Con grande autoironia, che lo accompagnerà nel corso di tutta la serata, il popolare attore e regista cita una battuta del suo amico pugliese Paolo Sassanelli, il quale dice spesso che “la Puglia é un’automobile: se apri il cofano ne esce la Basilicata”. Tra una canzone e l’altra, Papaleo racconta pezzi di vita con cui ci si può confrontare e nei quali ci si può riconoscere. Come quando parla della genialità dei bambini, raccontando di un volo in aereo con il figlio di appena sette anni, che guardando dall’obló definisce il mondo come “un giocattolo di nessuno”, perché “se fosse di tutti, chi se lo porterebbe a casa? Ci posso giocare ma non lo posso rompere”. Un concetto spiazzante, che fa sorridere ma sicuramente riflettere e non ha certo bisogno di ulteriori commenti. Ironico e delicato anche quando parla di sesso, Papaleo racconta la sua prima volta al campeggio, un regalo degli amici in un’atmosfera da amore libero e un po’ imbranato. Un bel momento, dove la poesia si sposa ancora con l’ironia, è quando l’attore introduce il brano di Frank Sinatra, “Fly me to the moon”, che piaceva tanto a suo padre, associandolo a una bella giornata, in cui da ragazzo amava camminare per le campagne, portandosi dietro la frittata di sua madre da assaporare in un campo, in completa solitudine, in compagnia di se stesso e della natura. Ironia e omaggio alle tradizioni con il brano Maria Teresa, per il quale viene coinvolta anche una spettatrice a impersonare “la brutta” (deve farlo una bella, dice, altrimenti sarebbe troppo scontato) che non piaceva a nessuno tranne che a te durante le feste di paese, tra luminarie, fuochi d’artificio e la banda alla processione del santo. Per concludere, una sorta di passaggio di testimone tra palco e platea, raccontando attraverso lo standard jazz  “Stormy weather” come la missione delle canzoni sia quella di far star meglio, per vivere con passione le proprie giornate. La circostanza è buona per coinvolgere anche l’assessore alla cultura, facendogli suonare alcune note con la diamonica sulla base di un “giro di do”, per concludere che “una nota malinconica della politica ci sta sempre”.

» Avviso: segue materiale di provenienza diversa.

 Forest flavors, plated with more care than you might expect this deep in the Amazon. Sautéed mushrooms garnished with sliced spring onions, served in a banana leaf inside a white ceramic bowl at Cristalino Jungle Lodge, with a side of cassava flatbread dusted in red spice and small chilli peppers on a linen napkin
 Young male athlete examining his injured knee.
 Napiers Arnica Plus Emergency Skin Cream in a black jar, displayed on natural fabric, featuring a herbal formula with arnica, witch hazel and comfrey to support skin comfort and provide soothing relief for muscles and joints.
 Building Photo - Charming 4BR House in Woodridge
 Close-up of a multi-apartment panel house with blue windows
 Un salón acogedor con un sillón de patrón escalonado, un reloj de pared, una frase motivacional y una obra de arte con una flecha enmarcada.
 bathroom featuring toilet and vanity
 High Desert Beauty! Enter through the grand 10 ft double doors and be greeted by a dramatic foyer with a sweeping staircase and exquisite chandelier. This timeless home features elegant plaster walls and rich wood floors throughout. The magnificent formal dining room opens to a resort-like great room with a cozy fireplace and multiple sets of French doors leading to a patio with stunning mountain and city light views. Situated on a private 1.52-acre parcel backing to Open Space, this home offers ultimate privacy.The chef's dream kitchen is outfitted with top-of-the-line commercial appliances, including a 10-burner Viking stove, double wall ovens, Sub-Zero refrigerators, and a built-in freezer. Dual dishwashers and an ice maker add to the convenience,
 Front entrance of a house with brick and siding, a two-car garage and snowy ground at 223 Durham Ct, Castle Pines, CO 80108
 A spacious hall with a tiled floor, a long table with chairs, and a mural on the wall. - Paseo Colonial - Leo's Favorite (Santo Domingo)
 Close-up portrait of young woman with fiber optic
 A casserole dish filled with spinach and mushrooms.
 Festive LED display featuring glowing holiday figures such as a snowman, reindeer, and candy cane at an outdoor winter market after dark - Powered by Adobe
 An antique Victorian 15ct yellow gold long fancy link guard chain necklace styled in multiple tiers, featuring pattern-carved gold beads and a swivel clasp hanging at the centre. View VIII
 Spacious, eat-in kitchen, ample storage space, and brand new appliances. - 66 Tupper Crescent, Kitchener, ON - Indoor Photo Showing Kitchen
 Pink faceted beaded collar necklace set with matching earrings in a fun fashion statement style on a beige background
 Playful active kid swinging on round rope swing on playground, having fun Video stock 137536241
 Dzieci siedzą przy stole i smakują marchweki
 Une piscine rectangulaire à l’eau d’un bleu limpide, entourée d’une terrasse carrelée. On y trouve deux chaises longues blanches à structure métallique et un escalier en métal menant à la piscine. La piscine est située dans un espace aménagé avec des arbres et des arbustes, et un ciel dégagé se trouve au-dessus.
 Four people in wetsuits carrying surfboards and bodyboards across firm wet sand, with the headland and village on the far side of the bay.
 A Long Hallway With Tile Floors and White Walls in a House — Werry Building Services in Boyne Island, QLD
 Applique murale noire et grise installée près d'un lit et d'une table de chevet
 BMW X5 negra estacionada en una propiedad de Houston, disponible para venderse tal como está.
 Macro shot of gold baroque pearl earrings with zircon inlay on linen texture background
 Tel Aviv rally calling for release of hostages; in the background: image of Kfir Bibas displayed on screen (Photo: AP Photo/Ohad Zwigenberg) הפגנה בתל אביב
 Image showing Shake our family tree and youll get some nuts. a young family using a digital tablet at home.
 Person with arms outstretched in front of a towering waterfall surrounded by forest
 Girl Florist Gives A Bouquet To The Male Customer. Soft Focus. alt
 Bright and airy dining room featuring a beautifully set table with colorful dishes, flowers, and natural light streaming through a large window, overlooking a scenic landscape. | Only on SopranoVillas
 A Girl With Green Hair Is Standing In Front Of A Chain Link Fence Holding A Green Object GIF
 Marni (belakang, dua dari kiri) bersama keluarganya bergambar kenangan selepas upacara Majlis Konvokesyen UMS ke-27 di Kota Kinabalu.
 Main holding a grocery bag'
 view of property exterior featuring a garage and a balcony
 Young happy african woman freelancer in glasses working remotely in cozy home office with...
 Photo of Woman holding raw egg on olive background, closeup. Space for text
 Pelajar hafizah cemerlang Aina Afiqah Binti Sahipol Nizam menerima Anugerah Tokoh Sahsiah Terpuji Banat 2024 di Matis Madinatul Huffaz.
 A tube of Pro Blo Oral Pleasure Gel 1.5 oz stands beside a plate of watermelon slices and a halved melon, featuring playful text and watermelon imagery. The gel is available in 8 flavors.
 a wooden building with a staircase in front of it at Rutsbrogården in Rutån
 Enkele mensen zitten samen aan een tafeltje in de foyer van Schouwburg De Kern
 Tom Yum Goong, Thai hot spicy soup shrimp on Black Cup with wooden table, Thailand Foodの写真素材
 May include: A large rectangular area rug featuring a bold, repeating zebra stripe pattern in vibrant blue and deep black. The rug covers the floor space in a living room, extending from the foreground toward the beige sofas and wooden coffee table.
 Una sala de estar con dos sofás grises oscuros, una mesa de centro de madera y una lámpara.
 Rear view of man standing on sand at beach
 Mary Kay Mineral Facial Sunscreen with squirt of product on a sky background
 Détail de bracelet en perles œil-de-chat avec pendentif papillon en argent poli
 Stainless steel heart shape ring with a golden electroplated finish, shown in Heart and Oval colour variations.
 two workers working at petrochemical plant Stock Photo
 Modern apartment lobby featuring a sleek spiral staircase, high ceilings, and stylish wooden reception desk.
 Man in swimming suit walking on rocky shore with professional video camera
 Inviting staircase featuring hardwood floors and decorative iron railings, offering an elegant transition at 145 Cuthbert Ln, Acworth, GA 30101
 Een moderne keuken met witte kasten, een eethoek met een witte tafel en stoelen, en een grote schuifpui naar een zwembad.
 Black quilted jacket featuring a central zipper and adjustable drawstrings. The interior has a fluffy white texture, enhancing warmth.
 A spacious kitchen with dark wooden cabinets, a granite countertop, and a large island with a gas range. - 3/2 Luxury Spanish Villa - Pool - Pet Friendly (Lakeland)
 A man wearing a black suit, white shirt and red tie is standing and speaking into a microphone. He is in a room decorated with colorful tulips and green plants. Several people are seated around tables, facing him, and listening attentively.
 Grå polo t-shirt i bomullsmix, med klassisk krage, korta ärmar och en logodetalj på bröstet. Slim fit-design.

Sindaco e Assessore alla cultura partecipano divertiti
Sindaco e Assessore alla cultura partecipano divertiti

C’è spazio per un duetto musicale con la cantautrice biscegliese Erica Mou, cantautrice con cui Papaleo è salito anche sul palco dell’Ariston di Sanremo. E infine, il gran finale, con tutto il pubblico in piedi a “fare la foca”, primo cittadino in testa, e canticchiare “tuf-tu-tuf…”, per esorcizzare la grevità della vita con un momento di sano divertimento, perché “farsi buffi per gli altri vuol dire dedicare loro attenzione”.